Un attacco che non è un episodio isolato. Nelle ultime settimane l’escalation di tensione tra Iran e Israele si è avuta soprattutto in mare, con una serie di incidenti che hanno già da tempo avvertito della pericolosità del duello esploso in questi mesi. Israele ha colpiti ripetutamente i mercantili iraniani diretti in Siria nel corso i questi ultimi anni. E nell’ultimo mese, proprio pochi giorni prima del colpo a Natanz, i commando israeliani hanno colpito – probabilmente con una mina magnetica – la Mv Saviz, cargo usato dai Pasdaran come nave madre per le operazioni in Yemen e nel Mar Rosso. Un attacco che assomiglia molto alle operazioni di sabotaggio messe in atto dallo Shayetet 13, e che arriva dopo due navi israeliani colpite da strane esplosioni mentre navigavano nel Mar Arabico e nel Golfo Persico. Colpi chirurgici ma precisi che rappresentano ogni volta un segnale: avvertimenti pericolose escalation che rischiano di incendiare i mari intorno alla Penisola arabica e confermano il rischio di una guerra su larga scala che coinvolga anche il fronte marittimo.

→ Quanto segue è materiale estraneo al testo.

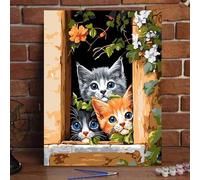 Shein 1 Set Pintura acrílica para adultos Pintura por números, Tema de gato lindo en el alféizar de la ventana, Lienzo sin marco de 40x50cm, Adecuado para r
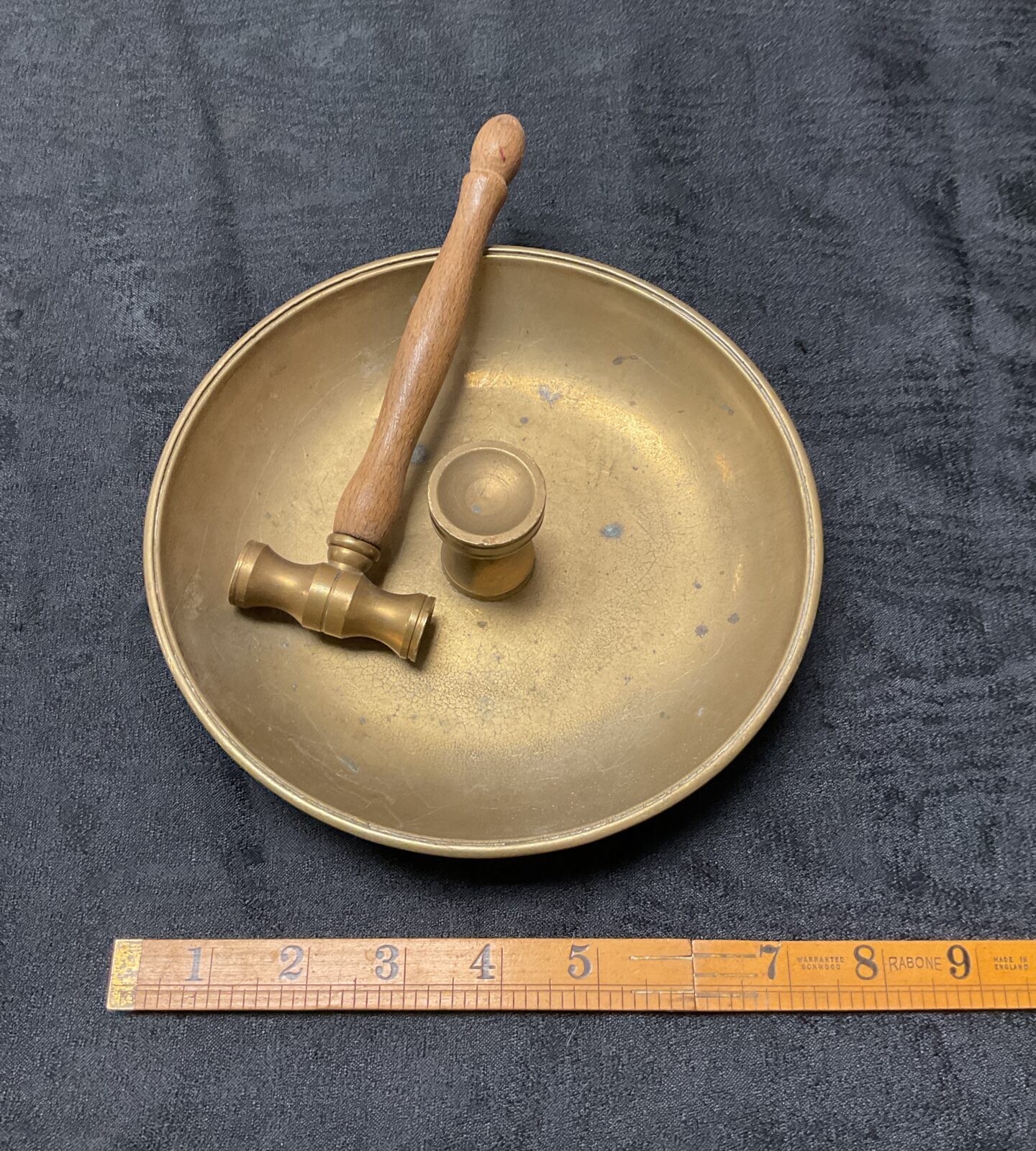 Brass Buddist Gong and hammer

L’escalation colpisce i negoziati
La crescente tensione tra Iran e Israele arriva nel momento in cui gli Stati Uniti stanno cercando faticosamente di rientrare nell’accordo sul programma nucleare dopo l’uscita di Donald Trump. I negoziati non sono affatto semplici: l’Iran appare indebolito dalle sanzioni e dalla pandemia di coronavirus, ma le mosse americane degli ultimi anni hanno costruito un vero e proprio muro tra Teheran e Washington. L’uscita di Trump ha indubbiamente fatto intendere la velocità con cui Usa possono tirarsi fuori da un trattato. E questo implica molta meno fiducia da parte dei rivali. Dall’altro lato gli Stati Uniti non possono cedere di fronte alle richieste dell’Iran, non solo perché Teheran ha mostrato di avere una capacità militare e tecnologica particolarmente importante, ma anche perché Israele non accetterà mai un accordo senza garanzie assolute sulla fine di qualsiasi programma atomico in Iran. E l’alleanza con li Stato ebraico per l’America conta parecchio.
Certamente gli attacchi israeliani non facilitano i negoziati che si stanno tenendo a Vienna e in altre sedi. Ma Teheran non sembra intenzionata, per il momento, a rompere l’accordo. Con la firma del partenariato strategico con la Cina, a Repubblica islamica ha ottenuto ossigeno per le sue casse ma anche la richiesta di evitare ulteriori escalation. E, come spiegato all’Adnkronos dal professor Meir Litvak dell’Università di Tel Aviv, l’impressione è che l’Iran “stia cercando di accumulare merce di scambio per i negoziati di Vienna in modo che la sua maggiore ‘concessione’ sia tornare al Jcpoa come era prima, senza fare altre concessioni ai 5+1“. Tutti si aspettano una vendetta: ma appare difficile che possa essere un attacco tale da indurre gli Stati Uniti a ritirarsi dalle trattative. E il fatto che gli Stati Uniti abbiano negato ogni coinvolgimento sembra essere un ulteriore segnale dell’irritazione della Casa Bianca per quanto sta avvenendo in Medio Oriente ma anche dell’arma negoziale che ha in mano Teheran: se non supera le “linee rosse”, la Repubblica islamica può concludere l’accordo e mostrarsi vittima dell’escalation.